Prompt → Across the listing, tally the lines in which the word "with" occurs, then report the tally alone.

Entries provided →
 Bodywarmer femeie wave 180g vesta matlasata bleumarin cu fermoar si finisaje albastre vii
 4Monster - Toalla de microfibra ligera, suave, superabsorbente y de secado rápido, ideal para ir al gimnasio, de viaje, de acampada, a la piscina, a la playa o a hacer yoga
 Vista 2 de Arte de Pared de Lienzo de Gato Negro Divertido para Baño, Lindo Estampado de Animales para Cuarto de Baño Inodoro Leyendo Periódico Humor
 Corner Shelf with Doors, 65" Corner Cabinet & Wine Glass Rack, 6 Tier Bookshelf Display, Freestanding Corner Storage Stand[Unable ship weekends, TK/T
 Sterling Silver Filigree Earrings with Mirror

* * *

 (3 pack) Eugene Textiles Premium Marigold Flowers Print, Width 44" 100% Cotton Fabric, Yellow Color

==

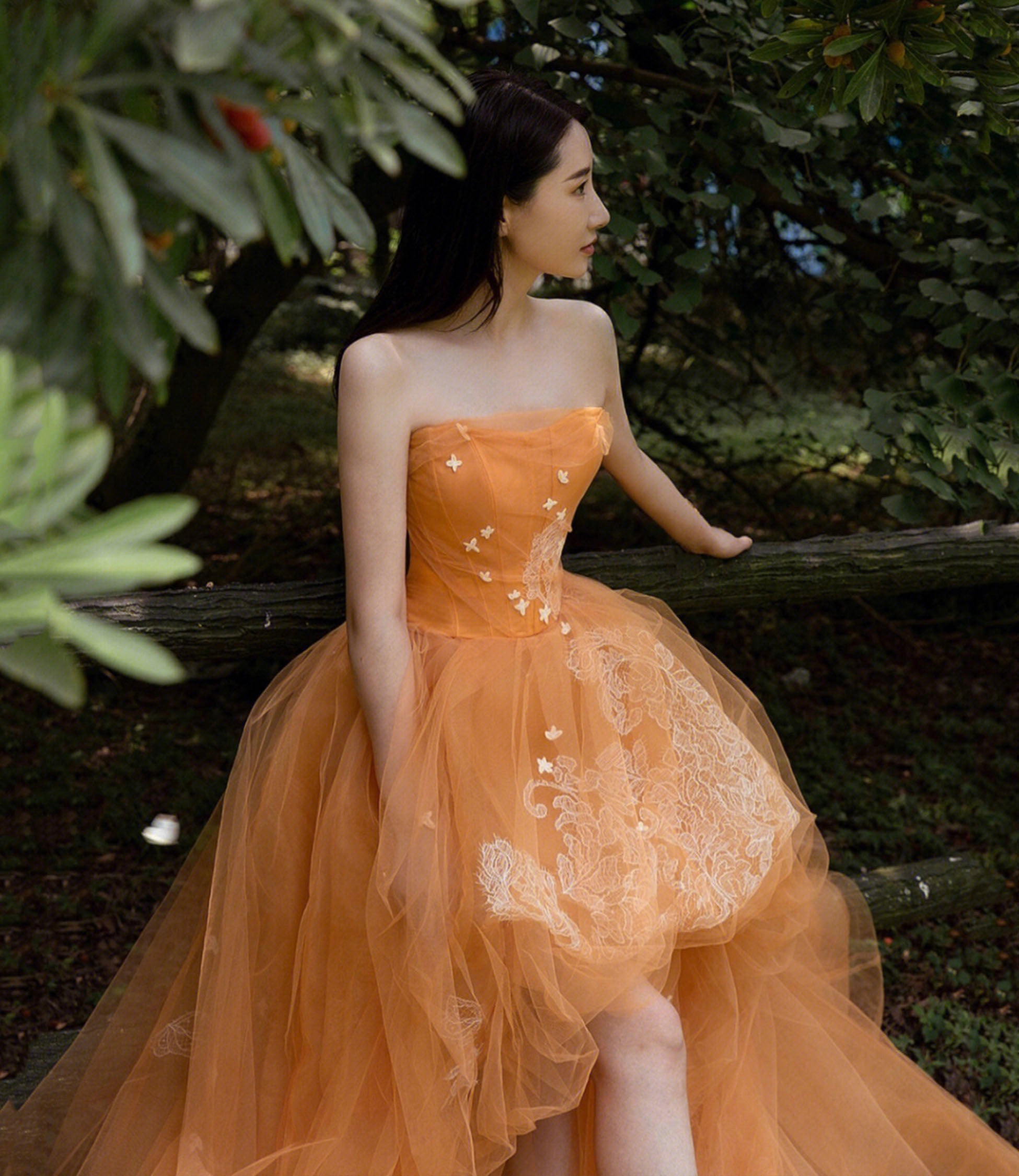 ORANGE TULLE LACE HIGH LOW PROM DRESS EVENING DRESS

Result of the exercise → 2